Restart the k8s-dqlite service by running sudo systemctl restart snap.microk8s.daemon-k8s-dqlite.service. Which should recover the node, and dqlite should start responding again.

A good way of avoiding an issue in a similar manner would be tainting the control plane nodes and avoiding running storage-heavy workloads along the control plane.

Keep in mind this might not be the silver bullet for everyone that encounters this issue, as there are different environments with different workloads. However, we believe we are progressing on the right path and currently focusing our efforts on simulating different storage scenarios to see what else can trigger this issue.

Many thanks.

kuroyi commented 1 year ago

I just had this occur on my 4 node microk8s HA bare metal cluster 2 days ago. It had been running fine for over 220 days. I tried all of the workarounds mentioned except removing all nodes but one. When I restart k8s-dqlite on one node, another node starts using 100% cpu. The highest fs.air-nr on my nodes was approximately 212 but I did increase the max as suggested anyway. I also set the containerd LimitNOFILE=1048576 instead of unlimited although I'm not certain that is a concern.

With all my services broken I upgraded from microk8s 1.25 to 1.26 and then 1.27 and the 100% k8s-dqlite cpu usage remained, although I believe the extra headroom allowed my rook-ceph-orchestrator to fix itself after a lot of trial and error and leaving it running overnight. It seemed to be running ok this morning but now I'm getting this from everything: Error from server (Timeout): the server was unable to return a response in the time allotted, but may still be processing the request

Attached is the inspection report I just did on the node that is currently 100% inspection-report-20230804_141023.tar.gz

berkayoz commented 1 year ago

Hey @kuroyi,

Sorry you are also experiencing this issue. The attached inspection report has /dev/sda2 255G 229G 24G 91% / which raises a question about available disk spaces on nodes. Are other nodes also close to the disk space limit? Having inspection reports for those nodes would be helpful as well.

Many thanks.

kuroyi commented 1 year ago

Sometime between Friday night and today my cluster unborked. It started responding normally to microk8s and kubectl commands and k8s-dqlite is no longer at 100% cpu usage.

On Friday my theory was that 'something' was causing k8s-dqlite to churn so I was attempting to lighten the load before finally giving up in frustration.
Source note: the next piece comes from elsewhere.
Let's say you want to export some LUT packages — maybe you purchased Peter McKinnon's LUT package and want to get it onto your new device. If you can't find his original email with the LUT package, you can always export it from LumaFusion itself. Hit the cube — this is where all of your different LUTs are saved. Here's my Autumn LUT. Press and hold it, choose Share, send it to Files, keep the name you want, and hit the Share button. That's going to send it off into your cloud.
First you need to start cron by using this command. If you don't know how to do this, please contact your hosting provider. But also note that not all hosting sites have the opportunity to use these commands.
Here is what I recall doing while it was broken (Note that nothing had previously been installed or modified for several months): uninstalled stackgres via helm (I had installed it to try) attempted to disable observability (appears to have failed as it's currently listed as enabled) installed linux kernel 6.2 on one of the nodes and rebooted it

Today after I checked and noticed that the cluster was responsive I freed up some space on the node that was at 91% and reduced it to 80% use%. The cluster was responsive but rook-ceph was unable to Terminate or properly start pods and my services were still broken. It said something about 'connection is Unauthorized'. I noticed that the rook-ceph pods were working on the node I had upgraded to kernel 6.2. I decided to upgrade the rest of the nodes to kernel 6.2 and rebooted them one by one. As each one came back online rook-ceph-operator was able to Terminate and restart the pods and get my storage layer available again. Then I was able to restart everything else that relied on it.
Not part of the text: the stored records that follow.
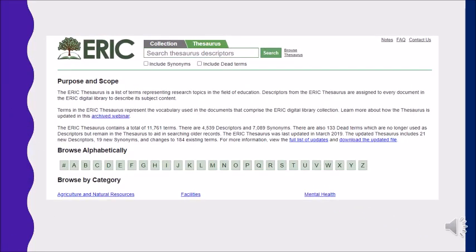The Eric Thesaurus is a list of terms representing research topics in the field of education. Descriptors from the Eric Thesaurus are assigned to every document in the Eric Digital Library to describe its subject content. You can check your research topic meaning and necessary keywords in the discipline. This helps you identify the broad area of your research and the keywords used in the respective field.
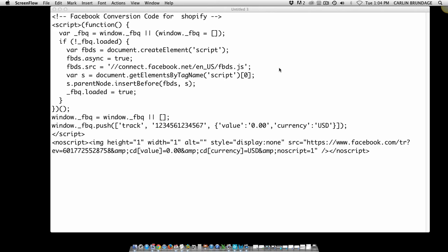little while to find the support to do this. Shopify does not have this in any of their manuals. So basically, here's your conversion code from Facebook—you just download it. And a quick tip here is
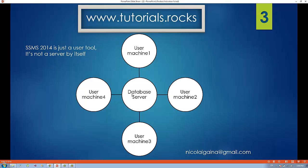If you have Management Studio installed on your machine, it means it already installed the database server for you and you don't have to worry about that. You don't have to install it manually or go to the website and download it. It already installed it for you. So it will be enough to just install SQL Server Management Studio and behind the scenes it installs the database server.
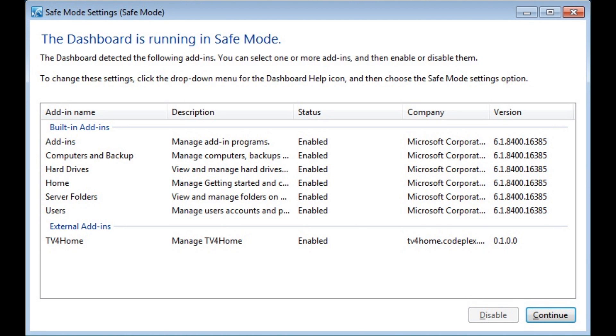There may be times with Windows Home Server 2011 that the dashboard either does not work, becomes non-responsive, or will not stay open. Let me show you how to fix it.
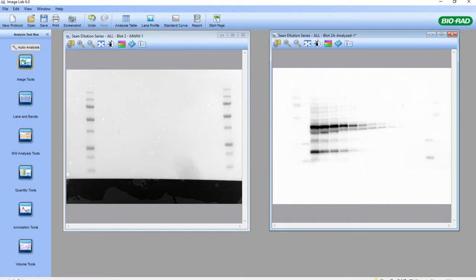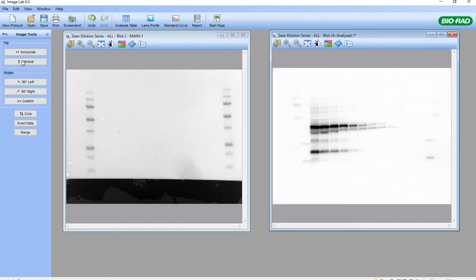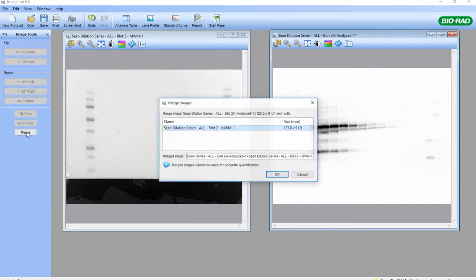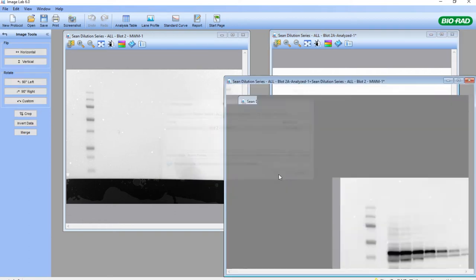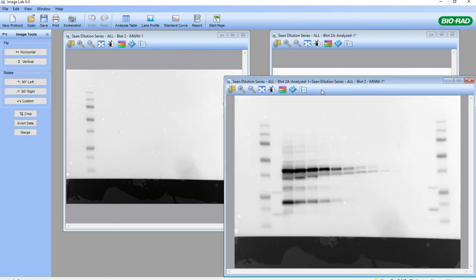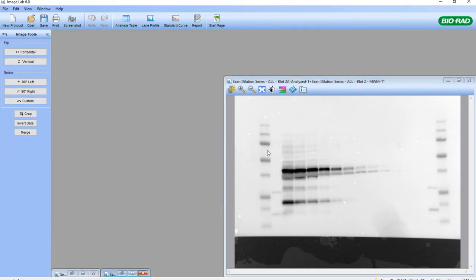Click on Image Tools and then the Merge button once these two images have been produced, and click OK. Now we've merged the two images so that we have the marker on the same image as the chemiluminescent produced bands.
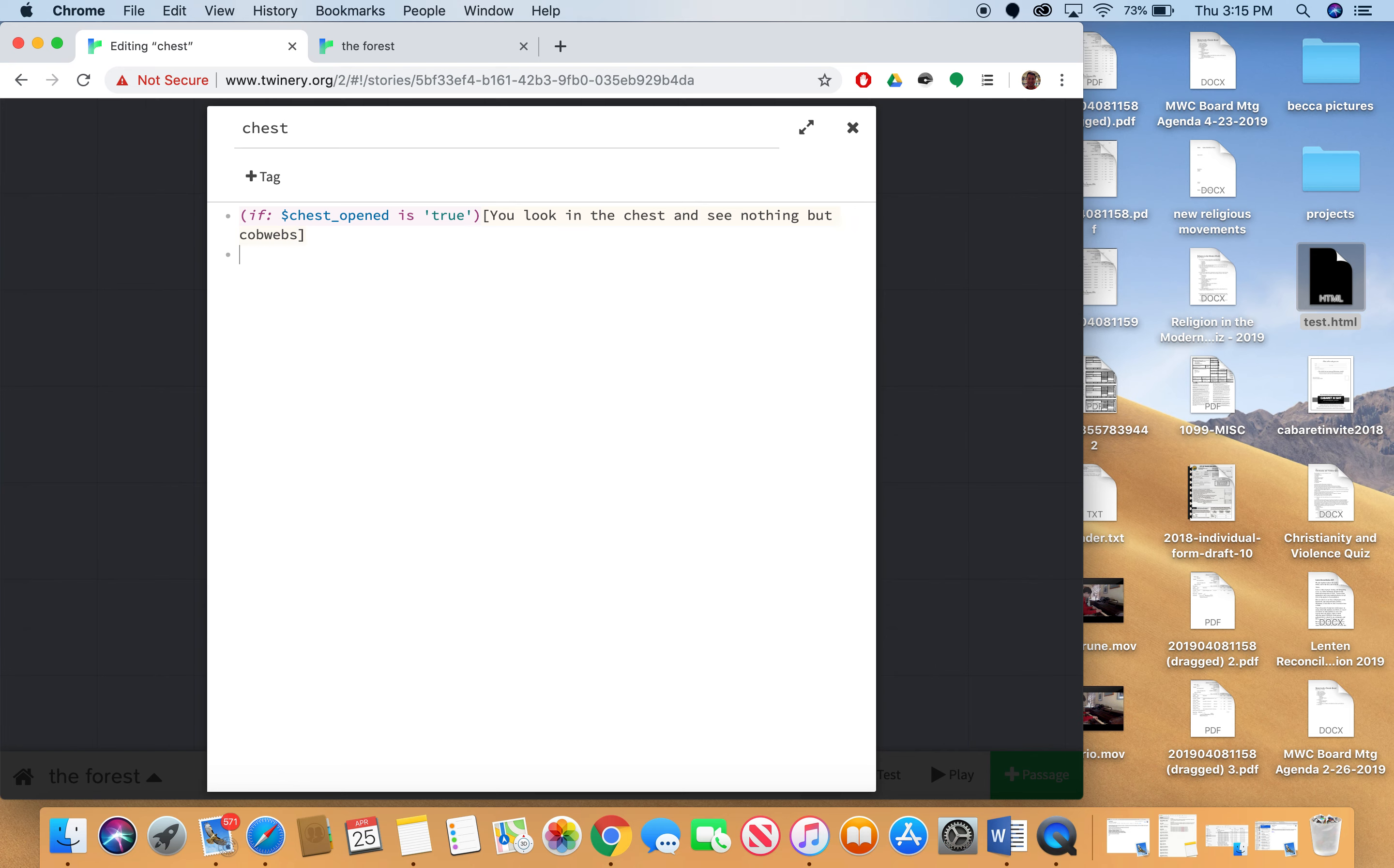Now I want to do something else if the chest is not opened yet. And so I can test everything else. I can test that chest open variable on every other possibility if I just use an else. So I put else inside these parentheses here.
Hopefully this information will help someone else. I can still provide the inspection reports if they would be useful.

lloydjatkinson commented 10 months ago

This is the first time I'm trying microk8s and I'm already seeing unreasonably high CPU usage on a low-spec VM with just the default setup - I haven't even setup any containers. Given microk8s is supposed to be lightweight this isn't great. Following other advice I've seen I disabled HA mode (I don't need it on this single node setup), which in turn disables dqlite in favour of etcd.

The left side is with HA and dqlite and the right is with HA disabled and etcd. This still feels like too much as it ranges anywhere from 3% to 15% doing basically nothing useful, but it is at least not as noisy as it is with HA/dqlite.

lloydjatkinson commented 10 months ago

Comparing microk8s to k3s (again idle, not doing anything) shows that microk8s uses more CPU at idle than other solutions. k3s is much less noisy.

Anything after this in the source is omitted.